ASSIGNMENT –
Only the lines in the entries below from the line with "LAMINA V07172: Mapa" to the line with "通达信出击指标(源码)", both included, belong in the answer, transcribed exactly and without pictures.

EXTRACTED INFORMATION –
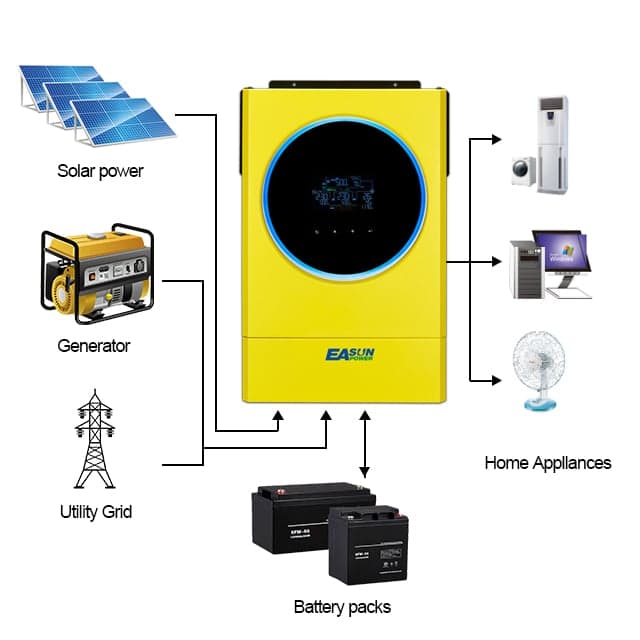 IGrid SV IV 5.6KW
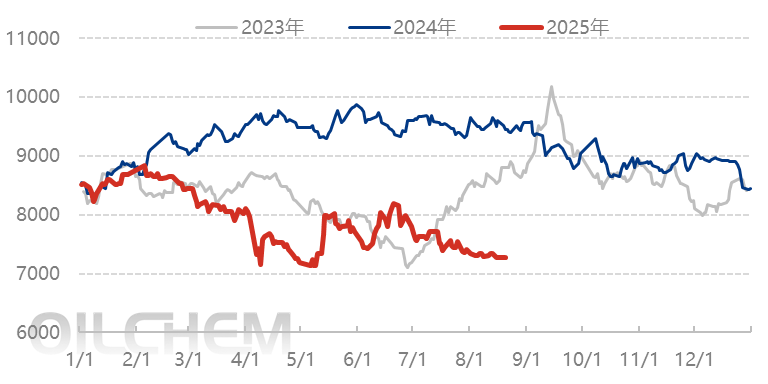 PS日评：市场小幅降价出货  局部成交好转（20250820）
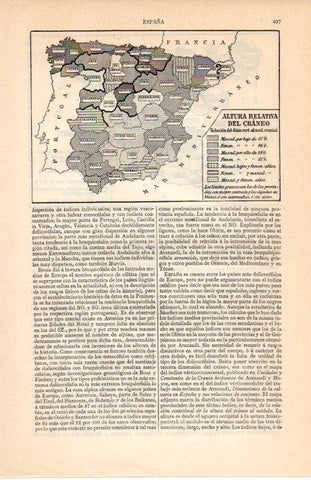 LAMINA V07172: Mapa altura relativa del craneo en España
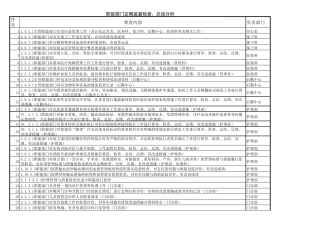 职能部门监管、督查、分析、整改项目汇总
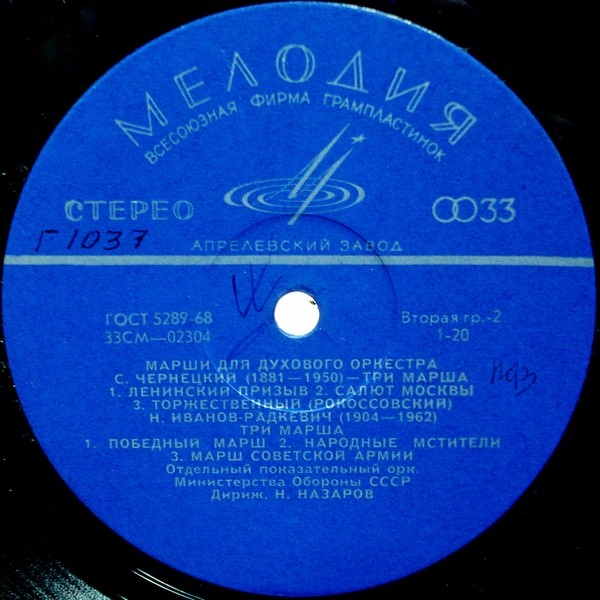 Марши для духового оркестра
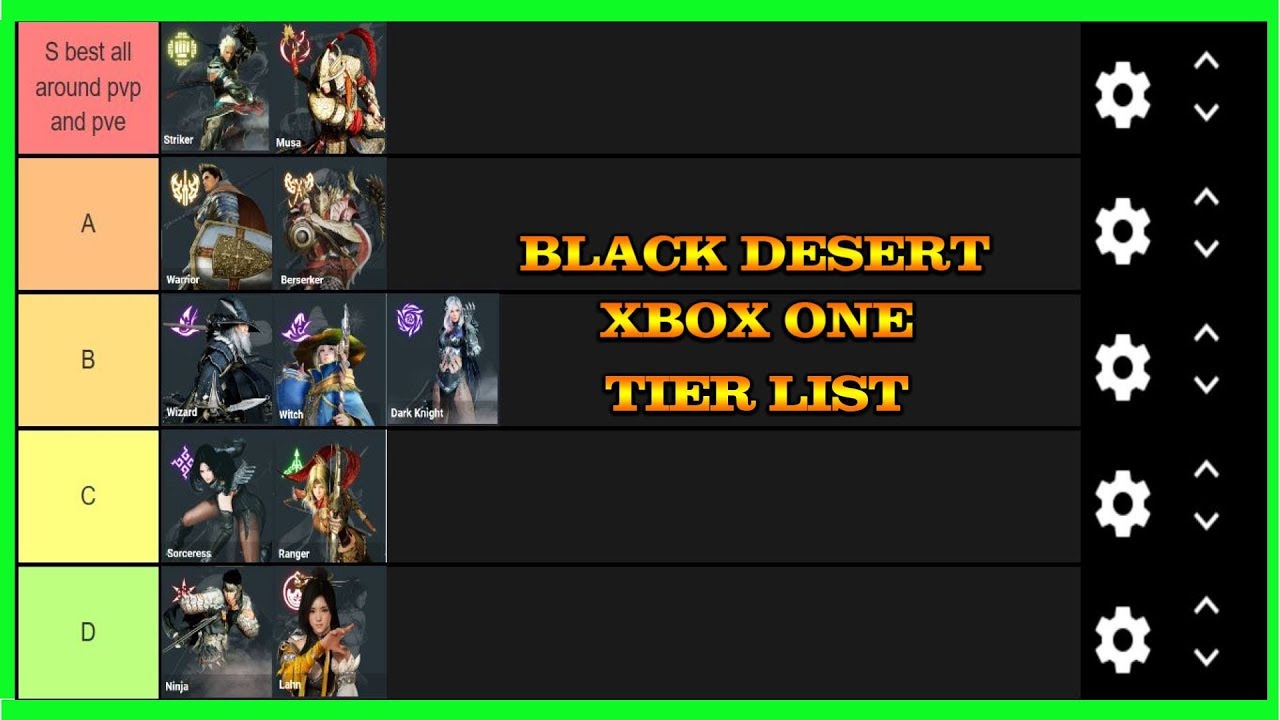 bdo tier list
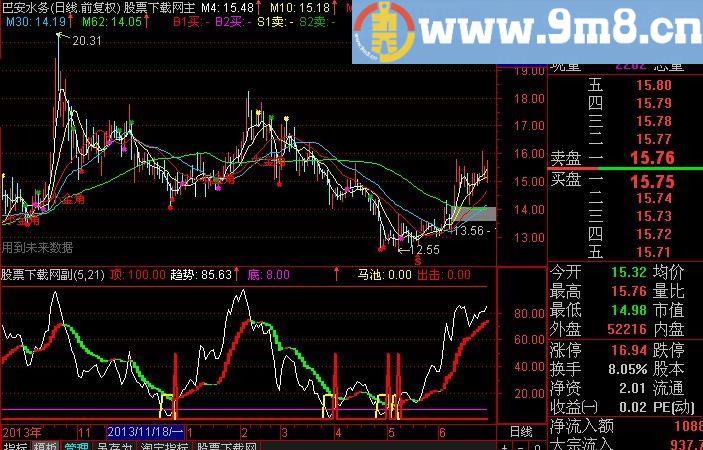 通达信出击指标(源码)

* * *

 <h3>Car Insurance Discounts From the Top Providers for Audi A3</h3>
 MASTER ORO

OUTPUT OF THE EXERCISE –
 LAMINA V07172: Mapa altura relativa del craneo en España
 职能部门监管、督查、分析、整改项目汇总
 Марши для духового оркестра
 bdo tier list
 通达信出击指标(源码)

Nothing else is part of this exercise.